GISTBench: Evaluating LLM User Understanding via Evidence-Based Interest Verification
Summary: arXiv:2603.29112v1 Announce Type: new
Introduction
In the fast-evolving landscape of artificial intelligence, understanding user preferences through interaction data remains a significant challenge. GISTBench emerges as a revolutionary benchmark aimed at evaluating the capabilities of Large Language Models (LLMs) in recognizing user interests based on their interaction histories, particularly within recommendation systems.
Benchmark Overview
Traditional recommendation system benchmarks predominantly focus on item prediction accuracy. However, GISTBench shifts this paradigm by emphasizing the extraction and verification of user interests from engagement data. This innovative approach seeks to measure how effectively LLMs can interpret user behavior and preferences, ultimately enhancing the personalization of recommendations.
Proposed Metric Families
To facilitate this evaluation, GISTBench introduces two novel metric families:
- Interest Groundedness (IG): This metric is decomposed into precision and recall components, allowing for a nuanced assessment that separately penalizes hallucinated interest categories while rewarding coverage.

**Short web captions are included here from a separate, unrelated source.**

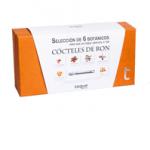 Toque Especial Ron (maletín gourmet) 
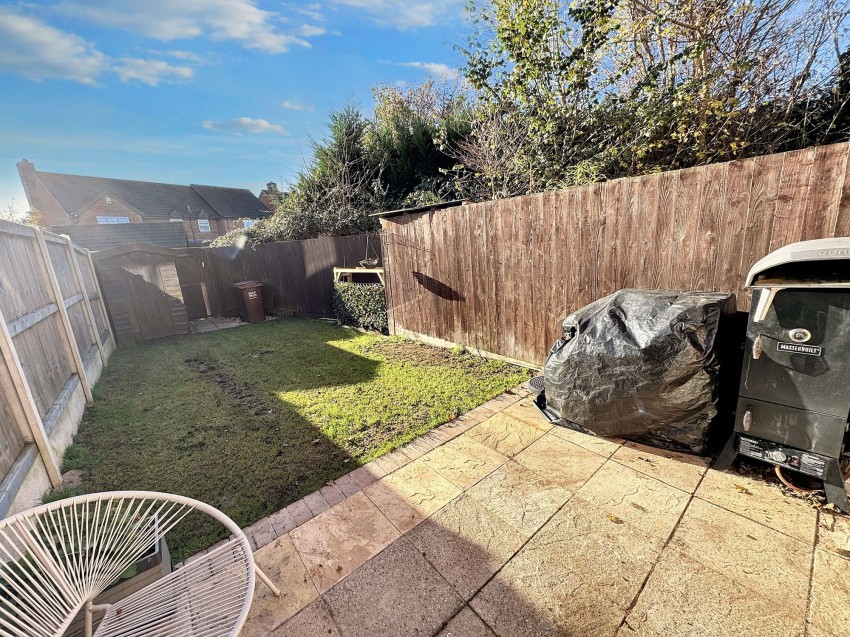 Images for Banksia Close, Tiverton, EX16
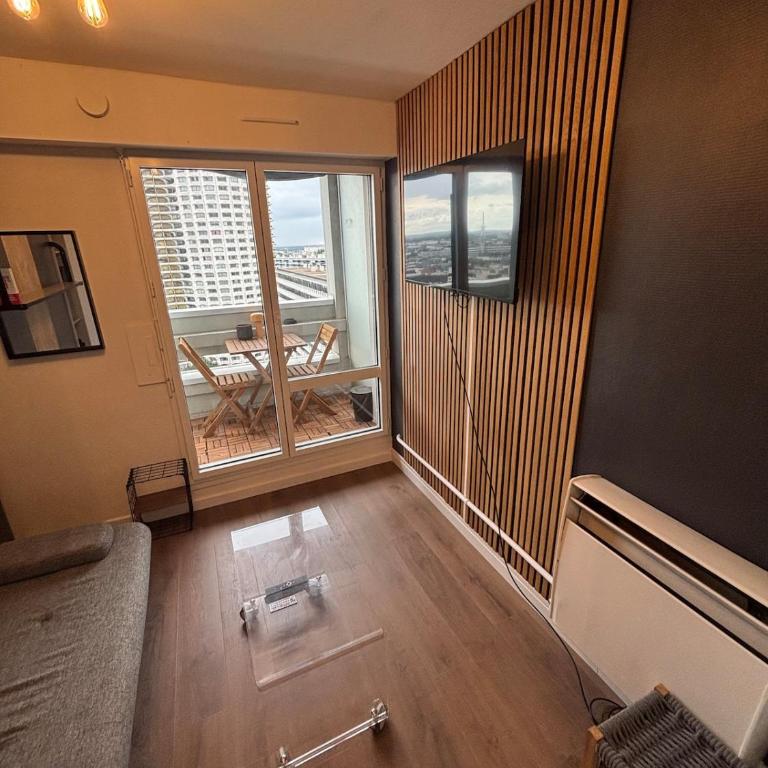 Studio hyper centre de Rennes - Apartment mit 1 Schlafzimmer - 8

- Interest Specificity (IS): This metric evaluates the distinctiveness of verified LLM-predicted user profiles, ensuring that the interests identified by the models are not only accurate but also uniquely representative of the users.
Dataset and Methodology
To support the evaluation process, GISTBench provides a synthetic dataset constructed from real user interactions on a global short-form video platform. This dataset encompasses both implicit and explicit engagement signals, complemented by rich textual descriptions to provide a more comprehensive understanding of user behaviors. Furthermore, the fidelity of the dataset has been validated against user surveys, ensuring its reliability for research and development purposes.
Evaluation of LLMs
In conjunction with the dataset, GISTBench has been utilized to evaluate eight open-weight LLMs, with parameter sizes ranging from 7 billion to 120 billion. The evaluation process aims to identify performance bottlenecks and areas for improvement in current LLMs, particularly focusing on their ability to accurately count and attribute engagement signals across diverse interaction types.
Key Findings
The preliminary findings from the GISTBench evaluations reveal significant challenges faced by existing LLMs. Notably, many models demonstrate limited proficiency in accurately interpreting and attributing engagement signals, which can hinder their effectiveness in understanding user preferences. This insight underscores the need for further research and refinement in LLM design and training to enhance their performance in real-world applications.
Conclusion
GISTBench represents a pivotal advancement in the assessment of LLMs, shifting the focus towards user understanding and interest verification. By introducing innovative metrics and a robust dataset, this benchmark lays the groundwork for future research aimed at improving the personalization capabilities of recommendation systems powered by LLMs. The findings from GISTBench not only highlight existing limitations but also pave the way for enhanced user-centric AI solutions.